Target pembangunannya juga dibeberkan oleh Sanusi. Menurutnya, ini menjadi Rumah Sakit Khusus penanganan pasien yang terpapar Covid-19 dan tak dapat bercampur dengan pasien umum.

Diprediksi tuntas dalam 45 hari, Rumah Sakit Darurat Penanganan Covid-19 yang dibangun di atas lahan 7978,02 M² ini bisa tampung puluhan pasien.Tak hanya itu, Rumah Sakit Darurat ini juga menyediakan lahan hijau seluas 4.259,54 M² sebagai pemenuhan standar.

Sanusi menuturkan, meski angka covid di Malang cukup menurun, Rumah Sakit ini diharapkan mampu menanggulangi pandemi , khususnya di area Malang Raya. Pria asal Gondanglegi ini menyebutkan, kasus Covid-19 di wilayahnya masih menyisakan sekitar 300 pasien saja.

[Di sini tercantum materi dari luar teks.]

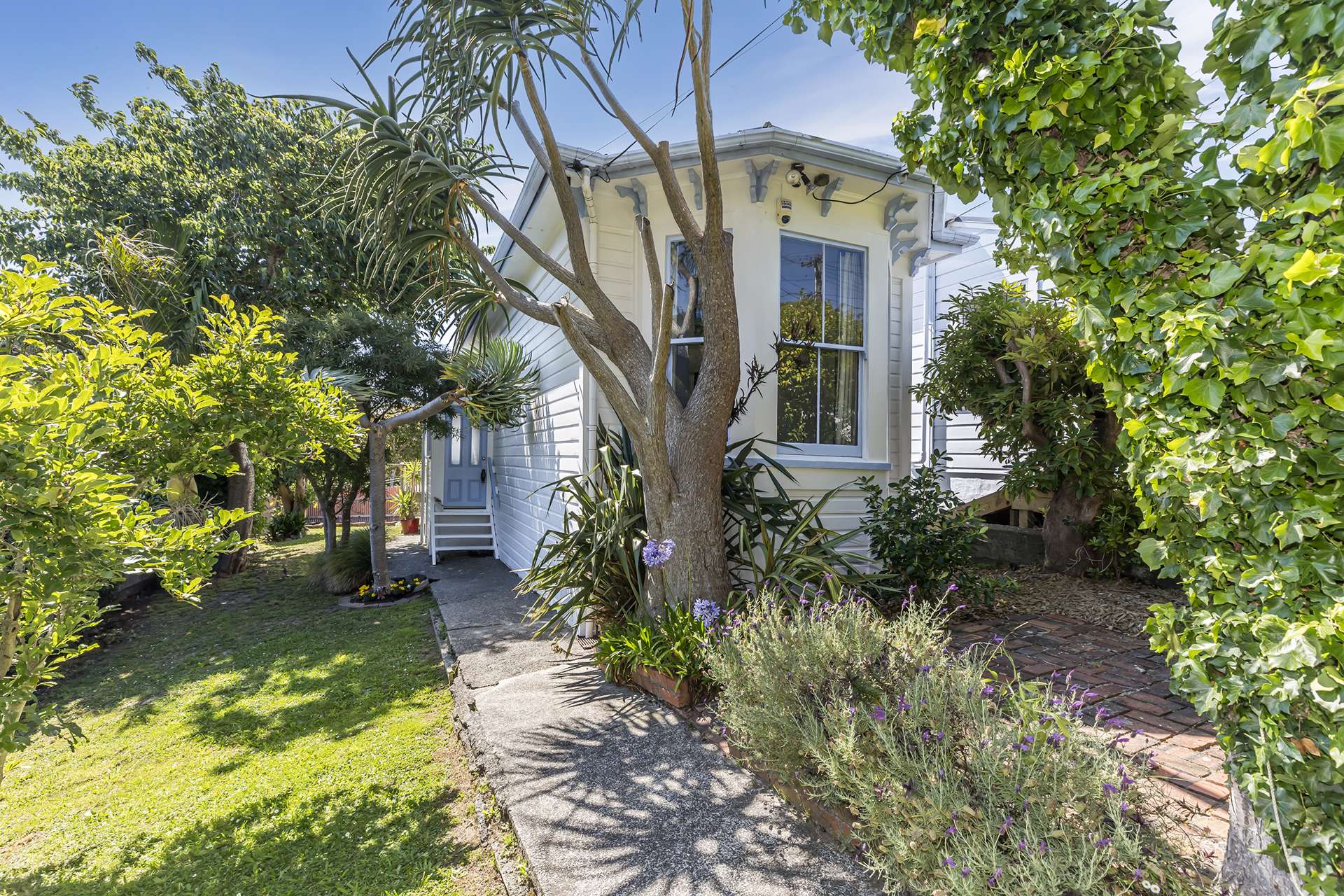 81 Stanley Street Berhampore_0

“Untuk Kecamatan Dau tinggal enam. Kabupaten Malang dari 14.600 sekian RT/RW tinggal sekitar 80 an RT/RW yang masih zona kuning, semua sudah hijau. Mudah-mudahan sebelum 45 hari semuanya sudah hijau. Jadi nanti rumah sakit ini tidak terlalu sibuk menangani Covid-19,” ungkapnya.

Sementara itu, di tempat yang sama, Direktur RSU UMM, Djoni Djunaedi, mengatakan, RS darurat ini memiliki fasilitas yang cukup lengkap. Mulai dari ruang rawat inap hingga ruang intensif care.

“Komplit fasilitasnya. Jadi ada 65 ruang rawat inap biasa untuk covid-19, juga ada delapan ruang intensif care dan lain-lain,” katanya.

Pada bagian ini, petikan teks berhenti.